Key improvements in this version:

  1. We only open the file once and use defer file.Close() to ensure it's properly closed
  2. We use a single scanner to both count lines and get the character count
  3. We verify line length consistency (optional but good for data validation)
  4. We use file.Seek(0, 0) to reset the file position instead of reopening the file
  5. Error messages are more specific about where the error occurred
  6. Context cancellation is still properly handled

This removes the need for separate countLines and countCharacters functions.
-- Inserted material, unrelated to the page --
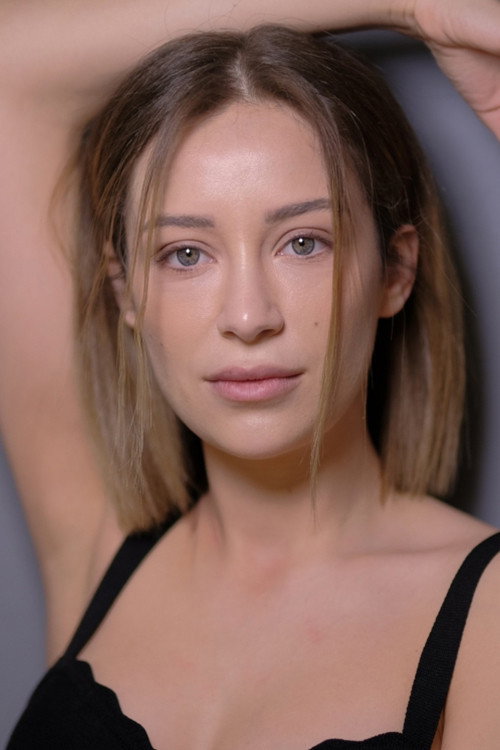 Buse Arslan profil fotoğrafı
However, if those functions are used elsewhere in your codebase, you might want to keep them but modify createPuzzle to use this more efficient approach.

You could also make this even more memory efficient by using a single pass if you know the maximum possible dimensions in advance:

func createPuzzle(ctx context.Context, filename string) (*PuzzleProcessor, error) {
    file, err := os.Open(filename)
    if err != nil {
        return nil, fmt.Errorf("opening file: %w", err)
    }
    defer file.Close()

    // Create a scanner with a larger buffer if needed
    scanner := bufio.NewScanner(file)

    // Read first line to get width
    if !scanner.Scan() {
        if err := scanner.Err(); err != nil {
            return nil, fmt.Errorf("reading first line: %w", err)
        }
        return nil, fmt.Errorf("file is empty")
    }

    firstLine := scanner.Text()
    numChar := len(firstLine)

    // Pre-allocate with some reasonable capacity
    rows := make([][]string, 0, 1000) // Adjust capacity based on expected size

    // Process first line
    rows = append(rows, make([]string, numChar))
    for j, value := range firstLine {
        rows[0][j] = string(value)
    }

    // Process remaining lines
    for scanner.Scan() {
        select {
        case <-ctx.Done():
            return nil, ctx.Err()
        default:
            line := scanner.Text()
            if len(line) != numChar {
                return nil, fmt.Errorf("inconsistent line length at line %d", len(rows)+1)
            }

            newRow := make([]string, numChar)
            for j, value := range line {
                newRow[j] = string(value)
            }
            rows = append(rows, newRow)
        }
    }
    if err := scanner.Err(); err != nil {
        return nil, fmt.Errorf("scanning file: %w", err)
    }

    return &PuzzleProcessor{
        data: rows,
        rows: len(rows),
        cols: numChar,
    }, nil
}

This single-pass version:

  1. Only reads the file once
  2. Dynamically grows the slice as needed
  3. Still maintains all error checking and context cancellation
  4. Might use less memory since we don't need to pre-allocate the full size

Choose the version that best fits your needs based on whether you know the maximum size in advance and your performance requirements.